Communal obligations need to be understood within the assumptions of Jewish theology. The sages taught that a Jew should not regard these social duties as burdens but as yet more ways in which men showed their love for God and righteousness.

Paul Johnson in A History of the Jews (1987)

Paul Johnson’s description of the Jewish Diaspora’s welfare system as the first welfare state may seem unwarranted. All societies are welfare societies – in the sense that all societies involve some kinds of interaction which benefit the welfare of some – if not all. In fact Herodotus describes a wide range of welfare system in his The Histories and The Bible also describes welfare systems that are at least 3,000 years old.

However, while I think that his claim may be hard to prove, it is certainly plausible, because it is based on two essential features of a welfare state – in its full and proper sense – both of which exceed earlier welfare systems.

First a proper welfare state must be built into the fabric of the community’s laws and must distinguish both rights and duties for all citizens. It must not be merely a system of state philanthropy or a system of mutual assistance. It must be underpinned by Law.

Second a proper welfare system must be inspired by Justice. By this I do not mean merely to repeat the first point. Justice excludes eugenic, elitist or discriminatory goals. Justice recognises the innate worth of each individual, in all their diversity. Justice demands deep respect for each individual. This is why the nineteenth century Poor Laws, and the eugenic welfare measures of Hitler do not qualify as welfare states, at least in the sense I am using the term here. In a sense they are anti-welfare states, because they deny the value of each human life. Instead they seek to promote the interests of an elite, a class, a race or some other group.

This explains why the Jewish Diaspora could well have created the first welfare state. For it was a society built, not on power, but only on the Torah – a combination of law and moral vision – united in one religion. Respect for the individual flowed naturally from the worship of God and the acknowledgement of God’s creation of Man ‘in his image’. And paradoxically, as the Diaspora lacked ‘a state’ it could only institute its measures through legally defined and prescribed communal practices – not through mere state coercion.

What can we learn from this?

If we see the ideal welfare state as a communal effort to ensure that each member of the community is bound together in their commitment to safeguard each other’s welfare and to respect each individuals’ worth and potential, then the Jewish example is inspiring. But its challenge is twofold:

If people do not believe that each human being is sacred then the kind of welfare we may seek to advance may not be respectful of human diversity, but may be eugenic, promoting some class, race or other utopian category of conformity. Can secular categories defend what is valuable in human diversity?

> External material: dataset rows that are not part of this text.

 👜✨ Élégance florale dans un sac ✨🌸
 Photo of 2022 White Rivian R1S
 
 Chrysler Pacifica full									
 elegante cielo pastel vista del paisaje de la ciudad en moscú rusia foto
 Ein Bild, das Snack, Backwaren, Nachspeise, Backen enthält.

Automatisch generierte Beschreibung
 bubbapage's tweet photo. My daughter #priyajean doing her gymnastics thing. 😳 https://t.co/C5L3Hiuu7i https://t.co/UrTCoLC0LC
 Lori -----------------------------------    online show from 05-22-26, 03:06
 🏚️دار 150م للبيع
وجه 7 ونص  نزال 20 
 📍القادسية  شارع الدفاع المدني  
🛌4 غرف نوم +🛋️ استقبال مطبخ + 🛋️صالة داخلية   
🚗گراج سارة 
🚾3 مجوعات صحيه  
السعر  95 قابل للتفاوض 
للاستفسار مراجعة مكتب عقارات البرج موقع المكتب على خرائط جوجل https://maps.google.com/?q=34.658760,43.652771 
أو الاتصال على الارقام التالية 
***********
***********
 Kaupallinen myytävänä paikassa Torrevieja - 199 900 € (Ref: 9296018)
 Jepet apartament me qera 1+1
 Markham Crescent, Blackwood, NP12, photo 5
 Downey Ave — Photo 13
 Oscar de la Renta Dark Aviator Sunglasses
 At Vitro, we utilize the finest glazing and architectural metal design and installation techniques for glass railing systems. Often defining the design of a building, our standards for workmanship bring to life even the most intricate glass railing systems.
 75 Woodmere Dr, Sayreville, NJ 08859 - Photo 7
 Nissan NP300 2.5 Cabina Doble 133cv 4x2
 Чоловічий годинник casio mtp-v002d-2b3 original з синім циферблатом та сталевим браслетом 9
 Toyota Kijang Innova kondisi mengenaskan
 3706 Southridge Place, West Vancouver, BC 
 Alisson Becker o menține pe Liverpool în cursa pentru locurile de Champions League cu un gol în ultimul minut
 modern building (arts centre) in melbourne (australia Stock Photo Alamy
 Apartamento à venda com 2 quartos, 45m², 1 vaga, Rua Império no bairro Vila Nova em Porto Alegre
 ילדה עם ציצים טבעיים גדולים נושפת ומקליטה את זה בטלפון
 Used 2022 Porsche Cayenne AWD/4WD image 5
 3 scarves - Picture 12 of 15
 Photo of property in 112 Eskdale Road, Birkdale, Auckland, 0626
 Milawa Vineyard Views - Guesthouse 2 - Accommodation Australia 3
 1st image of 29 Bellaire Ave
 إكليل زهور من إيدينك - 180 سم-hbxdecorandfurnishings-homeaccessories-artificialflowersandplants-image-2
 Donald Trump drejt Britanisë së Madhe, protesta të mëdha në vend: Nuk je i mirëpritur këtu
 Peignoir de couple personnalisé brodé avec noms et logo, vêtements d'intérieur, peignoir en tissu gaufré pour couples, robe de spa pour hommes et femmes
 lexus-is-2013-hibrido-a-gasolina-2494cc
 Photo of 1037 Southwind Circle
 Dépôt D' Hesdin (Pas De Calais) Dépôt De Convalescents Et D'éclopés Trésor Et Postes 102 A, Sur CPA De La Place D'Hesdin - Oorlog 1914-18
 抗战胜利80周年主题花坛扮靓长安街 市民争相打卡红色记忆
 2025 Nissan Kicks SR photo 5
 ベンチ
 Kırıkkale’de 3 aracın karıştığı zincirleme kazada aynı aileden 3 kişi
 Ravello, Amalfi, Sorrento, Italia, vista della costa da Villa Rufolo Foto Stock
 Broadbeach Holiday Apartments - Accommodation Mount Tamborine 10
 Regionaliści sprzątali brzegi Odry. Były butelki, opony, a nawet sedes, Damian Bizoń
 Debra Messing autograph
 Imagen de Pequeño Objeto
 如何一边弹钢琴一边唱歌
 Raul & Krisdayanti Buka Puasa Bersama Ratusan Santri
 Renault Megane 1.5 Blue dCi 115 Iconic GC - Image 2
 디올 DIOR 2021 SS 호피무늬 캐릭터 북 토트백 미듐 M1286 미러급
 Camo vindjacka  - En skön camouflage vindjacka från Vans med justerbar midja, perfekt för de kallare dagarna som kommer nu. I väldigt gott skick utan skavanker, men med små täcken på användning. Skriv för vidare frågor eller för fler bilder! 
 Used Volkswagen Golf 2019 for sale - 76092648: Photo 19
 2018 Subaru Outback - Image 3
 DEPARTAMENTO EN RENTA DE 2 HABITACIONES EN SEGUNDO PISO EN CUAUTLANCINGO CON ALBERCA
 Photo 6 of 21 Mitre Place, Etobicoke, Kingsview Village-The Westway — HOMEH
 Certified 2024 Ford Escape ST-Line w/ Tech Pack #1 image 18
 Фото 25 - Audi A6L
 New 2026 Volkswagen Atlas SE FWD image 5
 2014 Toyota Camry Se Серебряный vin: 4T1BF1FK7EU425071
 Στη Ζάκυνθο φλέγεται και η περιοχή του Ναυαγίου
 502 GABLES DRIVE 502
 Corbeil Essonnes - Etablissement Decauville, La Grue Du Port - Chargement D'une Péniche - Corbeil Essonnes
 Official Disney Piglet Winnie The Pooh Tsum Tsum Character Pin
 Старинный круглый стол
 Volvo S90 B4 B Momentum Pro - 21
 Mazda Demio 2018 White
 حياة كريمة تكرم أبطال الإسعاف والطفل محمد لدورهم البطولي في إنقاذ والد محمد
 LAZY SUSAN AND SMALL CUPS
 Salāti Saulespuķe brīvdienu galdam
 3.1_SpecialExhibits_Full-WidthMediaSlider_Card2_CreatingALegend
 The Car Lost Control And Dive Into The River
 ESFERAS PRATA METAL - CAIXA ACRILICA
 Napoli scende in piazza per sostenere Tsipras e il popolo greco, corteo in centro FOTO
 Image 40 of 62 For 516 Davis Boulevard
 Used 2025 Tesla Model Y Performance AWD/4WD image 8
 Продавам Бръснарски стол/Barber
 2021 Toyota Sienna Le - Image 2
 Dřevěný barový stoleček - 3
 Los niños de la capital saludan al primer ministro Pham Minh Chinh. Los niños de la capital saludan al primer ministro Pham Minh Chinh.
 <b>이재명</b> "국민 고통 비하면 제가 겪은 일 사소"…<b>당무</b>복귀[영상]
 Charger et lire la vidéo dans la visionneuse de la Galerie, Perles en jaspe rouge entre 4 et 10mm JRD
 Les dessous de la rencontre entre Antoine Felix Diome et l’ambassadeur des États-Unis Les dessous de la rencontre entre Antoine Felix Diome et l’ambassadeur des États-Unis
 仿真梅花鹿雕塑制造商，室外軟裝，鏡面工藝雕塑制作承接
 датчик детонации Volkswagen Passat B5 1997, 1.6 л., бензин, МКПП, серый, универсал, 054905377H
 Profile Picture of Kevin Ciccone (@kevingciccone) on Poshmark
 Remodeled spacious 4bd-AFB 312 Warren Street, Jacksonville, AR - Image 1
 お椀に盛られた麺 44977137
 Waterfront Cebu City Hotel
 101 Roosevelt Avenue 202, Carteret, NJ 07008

If we live with in a society dominated by a powerful state, one where the Law is seen to flow from the state – rather than fixing and limiting the state’s role – then we may find ourselves in a welfare system where those who run the state shape and determine what counts as welfare. Can we run a welfare state without a proper respect for Law?

Arguably this is what we do have: not a welfare state governed by a respect for human rights and Justice; not a welfare state organised to respect those rights and protect the interests of all. Instead we have a welfare state that is too often the tool of a state that doesn’t recognise rights and which pursues its own elitist, and often eugenic, dreamings.

This is not a counsel of despair. People of many religious views and none are capable of respecting human diversity. Societies are capable of respecting Law and protecting themselves from the abuses that flow form the concentration of political power. But we should not be naive. There is nothing ‘natural’ about the welfare state – and if we want the right kind of welfare state we will need to work hard at protecting both the values that underpin it and the institutions that make it possible.

Spending is a Poor Proxy for Justice

The welfare state needs defending – but we also need to rediscover what it is really for.

Since its creation the major focus has been on its size – should we spend more on it or less on it. But this is the wrong question.

Public expenditure is a poor proxy for public good. Public services are a poor proxy for the advance of human rights. Advancing state power is not the same as advancing citizenship. Paying one’s taxes is important, but it is only one important duty for citizens.

For example, I can increase spending on healthcare and pay the cleaners more – and so reduce inequality, or I can spend more on doctors – and increase inequality. I can spend less on healthcare, but also reduce income inequality overall, which will thereby increase health and well-being.

In other words, it’s not spending on its own that matters, it’s what you actually do with the money.

Welfare systems can promote welfare, but the relationship between welfare and the welfare state is complex. It depends on the design of the welfare system.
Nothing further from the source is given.